# Morgan and Hobbes PLAY! (DUW)



## Poppyseed (Feb 1, 2007)

I have to have two seperate play times. One for Morgiehobbes (their names morph into one super rat lol) and another for BastianBert or Bertiebastian.

For now, here are some fun pics of Morgiehobbes's Rat Fun and Fantastic Play Time!

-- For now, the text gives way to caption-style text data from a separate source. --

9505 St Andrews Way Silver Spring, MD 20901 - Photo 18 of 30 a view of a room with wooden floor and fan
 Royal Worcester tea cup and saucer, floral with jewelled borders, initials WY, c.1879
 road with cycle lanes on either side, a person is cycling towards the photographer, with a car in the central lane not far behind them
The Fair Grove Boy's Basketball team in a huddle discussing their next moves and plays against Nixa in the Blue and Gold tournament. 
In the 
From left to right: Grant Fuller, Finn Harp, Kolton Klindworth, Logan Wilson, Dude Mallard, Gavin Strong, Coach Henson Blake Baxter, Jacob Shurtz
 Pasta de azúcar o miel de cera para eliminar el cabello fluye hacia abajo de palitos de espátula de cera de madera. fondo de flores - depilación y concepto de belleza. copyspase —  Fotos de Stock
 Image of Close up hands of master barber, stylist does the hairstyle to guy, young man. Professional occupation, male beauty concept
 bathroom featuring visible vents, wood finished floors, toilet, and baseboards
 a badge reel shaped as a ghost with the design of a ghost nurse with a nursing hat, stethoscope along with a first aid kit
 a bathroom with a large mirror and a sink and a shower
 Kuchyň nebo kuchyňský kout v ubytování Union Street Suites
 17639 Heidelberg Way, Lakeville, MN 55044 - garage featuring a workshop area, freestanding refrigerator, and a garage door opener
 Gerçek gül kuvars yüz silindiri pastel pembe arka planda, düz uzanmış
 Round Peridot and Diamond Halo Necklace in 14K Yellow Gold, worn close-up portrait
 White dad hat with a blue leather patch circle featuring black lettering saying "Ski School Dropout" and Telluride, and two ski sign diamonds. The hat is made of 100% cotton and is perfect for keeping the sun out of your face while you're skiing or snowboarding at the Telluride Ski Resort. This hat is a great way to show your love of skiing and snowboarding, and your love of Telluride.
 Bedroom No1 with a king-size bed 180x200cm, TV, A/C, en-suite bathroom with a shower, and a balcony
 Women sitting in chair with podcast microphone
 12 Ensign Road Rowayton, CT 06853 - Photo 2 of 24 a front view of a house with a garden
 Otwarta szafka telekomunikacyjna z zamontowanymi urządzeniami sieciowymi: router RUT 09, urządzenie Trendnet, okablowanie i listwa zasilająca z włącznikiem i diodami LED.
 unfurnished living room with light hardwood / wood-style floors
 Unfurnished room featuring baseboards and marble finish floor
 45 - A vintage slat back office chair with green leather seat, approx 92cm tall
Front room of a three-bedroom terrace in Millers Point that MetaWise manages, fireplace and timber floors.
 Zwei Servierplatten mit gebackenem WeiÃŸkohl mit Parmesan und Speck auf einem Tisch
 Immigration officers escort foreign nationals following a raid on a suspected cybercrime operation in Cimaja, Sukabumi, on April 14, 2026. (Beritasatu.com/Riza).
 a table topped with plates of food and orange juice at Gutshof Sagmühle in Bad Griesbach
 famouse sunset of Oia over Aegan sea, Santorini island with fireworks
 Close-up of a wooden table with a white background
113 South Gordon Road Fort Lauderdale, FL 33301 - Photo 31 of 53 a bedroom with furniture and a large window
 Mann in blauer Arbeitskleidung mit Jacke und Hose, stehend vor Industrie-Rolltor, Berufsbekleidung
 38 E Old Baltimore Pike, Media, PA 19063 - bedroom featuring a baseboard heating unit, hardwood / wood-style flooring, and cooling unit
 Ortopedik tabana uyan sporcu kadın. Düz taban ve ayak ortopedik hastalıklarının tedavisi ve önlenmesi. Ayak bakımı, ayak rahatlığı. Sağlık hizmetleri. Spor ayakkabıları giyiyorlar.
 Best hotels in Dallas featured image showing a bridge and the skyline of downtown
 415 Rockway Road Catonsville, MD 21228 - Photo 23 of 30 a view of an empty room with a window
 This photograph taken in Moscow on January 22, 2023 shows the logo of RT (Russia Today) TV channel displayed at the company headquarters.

I LOVE that one! FLY AWAY!!
























Hobbes: Howdja get up there Morgan?!








Hobbes being a sweet heart








Morgan and Hobbes useing mom as a jungle gym

































I love these boys! They are just full of p!ss and vinegar lol


----------



## OnlyOno (Apr 4, 2007)

in that third to last pic, why does his face look so poofy? lol, your ratties are adorable nonetheless.


----------



## Poppyseed (Feb 1, 2007)

I think it's an optical illusion of the white markings. They curve up making it appear like his cheeks are poof and Micky Mouse like. That and he has a very prominent and very manly jaw bone. His body structure is very Manrattly don't you think?


----------



## Inesita (Feb 18, 2007)

Aw, they're cute!


----------



## naeby (Aug 2, 2007)

Very manrattly. He's like the Bruce Campbell of ratties :lol:


----------



## chrisstrikeagain (Apr 10, 2007)

They are huge!! and very cute =]


----------